Paul, in this blog post, also calculates that production at the site has a sale value of £1bn per year ($1.6bn), and a final value in food packaging, consumer packaging and automotive parts of around £5bn per year.

Yesterday, signs were hopeful that a deal might be done to save the site following a change in stance by Unite, the UK trade union representing Grangemouth’s workers.

If the deal happens, then INEOS would be able to go ahead with plans to spend £300m on adding US shale-derived ethane import capabilities at Grangemouth.

“INEOS is trying to compete in Europe by building more cracker feedstock and ethylene supply flexibility. It has 1m tonne/year capacity ethylene import terminal in Antwerp, through which it can tap into supplies of deep sea ethylene. It can import ethane at Rafnes in Norway to feed its cracker there. In Europe INEOS is ethylene short,” writes my colleague Nigel Davis in this ICIS Insight article.

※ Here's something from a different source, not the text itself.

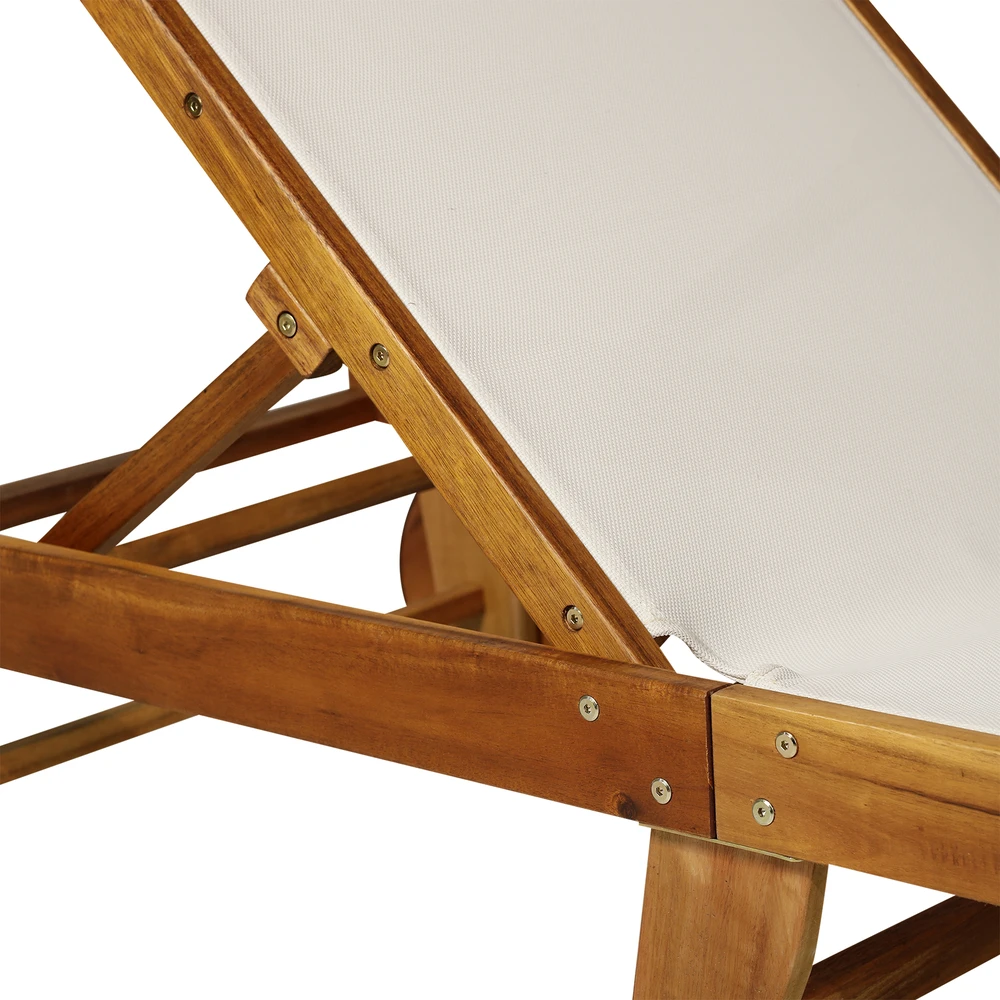 Aosom Gultas 198x55x30-88,5 cm Natūrali+Balta Akacijos mediena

THE INEOS Grangemouth story, whatever its outcome, raises some wider issues. These include:

  • The possibility that other refinery-petrochemicals sites in Europe might benefit from deals involving trade unions and governments that could prevent their closure. Sure, on a stand-alone basis these sites may well be failing. But why should Europe roll over and die in the face of the seemingly overwhelming US shale gas-based feedstock advantage, given the wider downstream economic implications involved?
  • Ever since the late 1990’s, the blog has been hearing about the need to shut down supposedly uncompetitive South Korean, Taiwanese and Japanese cracker complexes, but many of these complexes are still open. And they may remain open, despite the tectonic shift in global competitiveness resulting from shale gas. Again, these facilities add wider economic value – not only for the economies that they serve, but also for the highly-diversified companies that operate some of these sites.
  • China might similarly maintain uncompetitive plants that also damage the environment longer than some people anticipate because of the bigger social picture – i.e. keeping people employed in its less-developed inland provinces.
  • And China might  add further capacity that on paper doesn’t make economic sense – again for job-creation reasons – in its poorer regions.
  • Southeast Asia could also go ahead with projects that on paper do not appear to be that competitive because of nation building.

If we include supposedly uncompetitive capacity into estimates of future cracker and derivatives supply, will there be sufficient room for all of the numerous US projects?

How will the picture also look if demand is weaker than some people anticipate?